Biometric data from FitBits, phones, and other devices could be used to measure the affective effect we have on each other in a wide range of retail and office-related scenaros. Uber drivers who raise the heart rate of everyone who comes into their car — which might be interpreted as proof of poor driving practices or a confrontational interpersonal style — could theoretically have their rating dropped. Service workers may find their emotional labor explicitly quantified, and customers may become unwilling snitches. Our bodies, through their supposed physiological disclosure of our internal affective states, become profitable sites of data creation for systems whose aims we might fully reject.

In such a world of ubiquitous affect surveillance, it may seem that a consumer who wanted to resist would need to be hyperaware of themselves, affecting not just a cherry voice but a friendly face and posture to avoid bringing down punishment on an unsuspecting employee. But in reality, how any piece of customer behavior will be interpreted is entirely opaque; since iterative machine learning develops inexplicable rationales for its decisions, it is impossible to know which sort of behaviors will jam the system.

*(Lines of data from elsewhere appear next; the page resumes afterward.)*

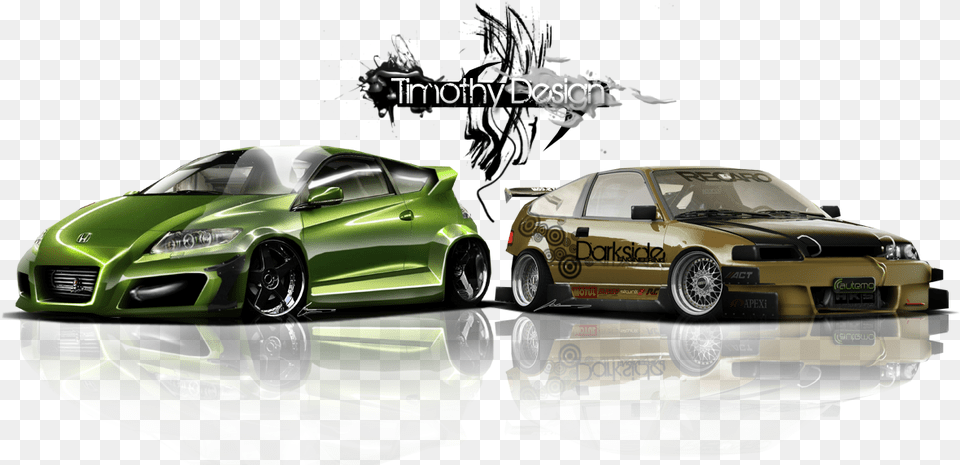 Car Tuning Automotive Design Car Tuning, Alloy Wheel, Vehicle, Transportation, Tire Free Png Download
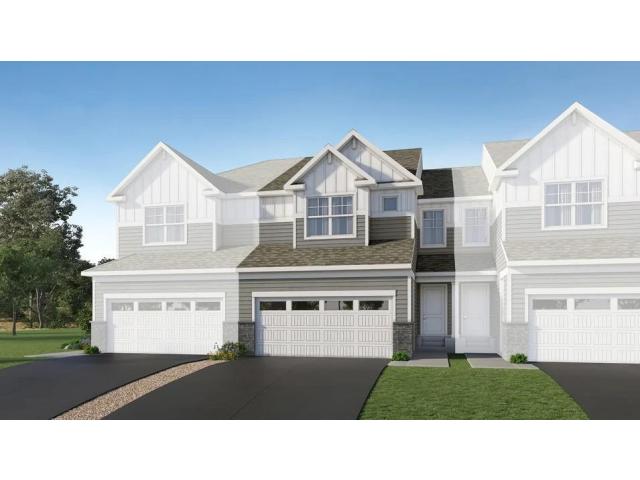 4226 Hayward Avenue N Oakdale MN 55128 - MLS# 7133702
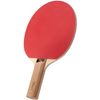 Viper Table Tennis The Glide Racket/Paddle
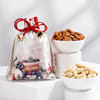Buy Shubh Samriddhi Diwali Celebration Box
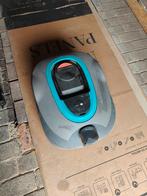 Tondeuse robot GARDENA, Jardin & Terrasse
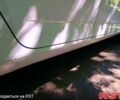 Белый Шкода Фабия, объемом двигателя 1 л и пробегом 170 тыс. км за 8900 $, фото 4 на Automoto.ua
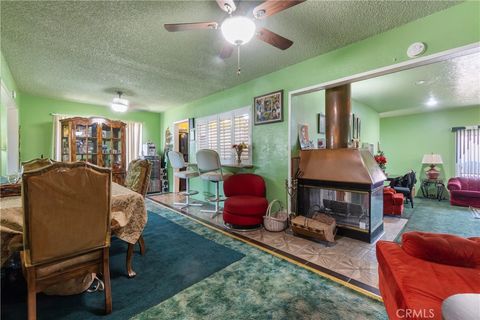 Tiny photo for 11028 Spinning Avenue, Inglewood, CA 90303 (MLS # SB25149054)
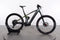 Cube Stereo Hybrid 140 HPC TM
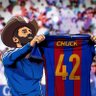 shobo john's profile picture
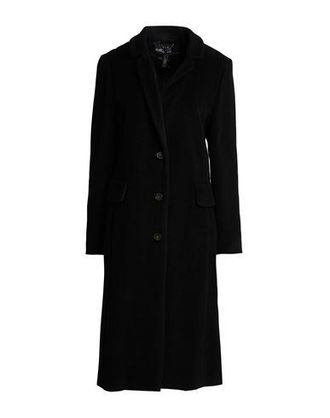 Marc Cain CAPISPALLA - Cappotti su YOOX.COM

It may be too strong a claim, however to say that we are inevitably conscripted into the racist, sexist, ableist, and xenophobic systems of algorithmic analysis — this runs the risk of excusing people’s prejudices on the grounds that they are already anticipated and encoded. It would create an overly fatalistic view of our inability to resist both prejudicial behavior and its datafication. Nonetheless, vocal tone analysis highlights what it means to exist in an increasingly datafied, algorithmic society. We are becoming, in our very materiality, a source of profitable data that has the potential to be weaponized against one another, particularly the most economically precarious among us. Our best hope at resistance may be to starve the machine not of data but of grievance — a complicated task that would require a widespread divestment from the entitlements of the smile economy.